In Chapter 2, Halberstam talks about the absence of memory becomes an alternative mode of knowing. It immediately reminds me of the death of the whistleblower Li Wenliang, a doctor in Wuhan, who has warned about the outbreak of the epidemic on December 30th, 2019 but has been told to shut his mouth by the authorities.

The timeline of Li Wenliang's death in media is ironically full of mysteries. At that time, the angry and emotional Chinese netizens showed the commitment of never-forget, “We will not forget the doctor who spoke up about an illness that was called rumor,” one commenter posted in reply to the hospital’s announcement. “What else can we do? The only thing is not to forget.”

On April 4th, the Ching Ming Festival (or the tomb-sweeping festival), "Never Forget" and mourning for the loss becomes a top-down, nationalistic command where the deeds and death of Li become invisible.

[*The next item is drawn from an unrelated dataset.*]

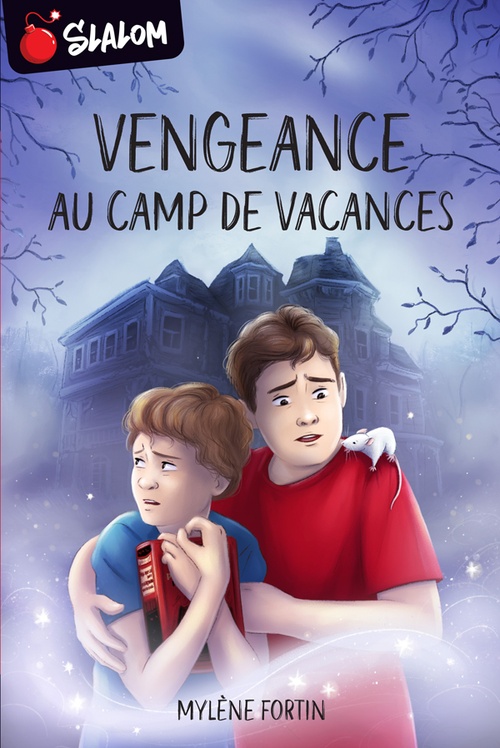 ebook cover of Vengeance au camp de vacances, by Mylène Fortin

Halberstam also mentions it as the "moral imperative" that "tends to obliterate the complex web of relations between memory and forgetting that actually function in Holocaust memoirs"(84). What has been instead selectively memorized? What has been forced to forget? Who can decide what and whom should Chinese people commemorate in the coronavirus experience?

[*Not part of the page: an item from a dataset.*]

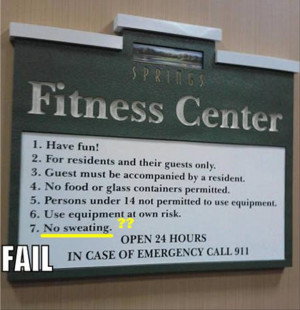 tagged with funny fitness fails 20 pics funny pictures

Moreover, on April 6th, the timeline posted by the state media manages to construct a dominant memory project, where Li Wenliang becomes an ordinary medic, leaving out his unjustified treatment and the mystery of his death untold. At the same time, the central government and Health Commission become prominent actors during the prediction, control, and regulation of the disease with all-encompassing 'powerful and effective' measures and 'the strong leadership' of the CPC.

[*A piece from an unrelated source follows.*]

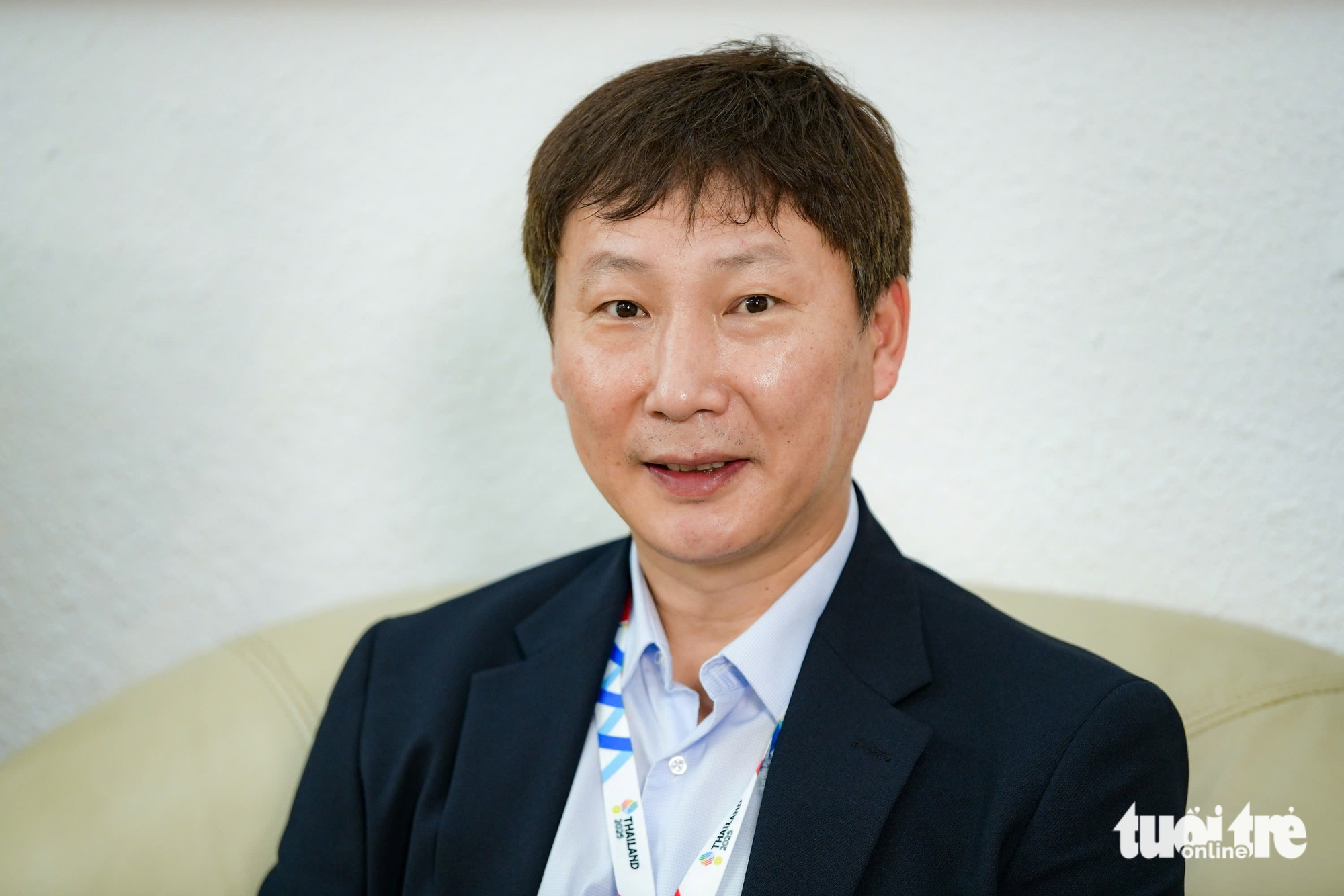 HLV Kim Sang Sik: Sau HCV SEA Games, U22 Việt Nam tự tin thi đấu tốt ở U23 châu Á 7 Kim Sang Sik - Ảnh 7.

Such memory construction implies a eulogy of achievement, even optimistic plot of progress and continuity, which violently ignores the never-resolved loss and unspoken sorrow of real people.

"Forgetting is also what allows for a new way of remembering" (92). Inspired by the analysis of Halberstam, perhaps a simple gesture of refusal towards such enforced "memory project" and the reproduction of a given timeline open up spaces for fragmented, bottom-up narratives coming from individual sufferers. Though such stories might be irrational, blurred, stupid, full of flaws, it does forcefully undermine the cruelness of hegemonic historizing.

3 The extreme vulnerability of female medics 

More than 70% of the medics in China in the frontline of coronavirus period are female, whose superiors in the hospital and government are mostly men.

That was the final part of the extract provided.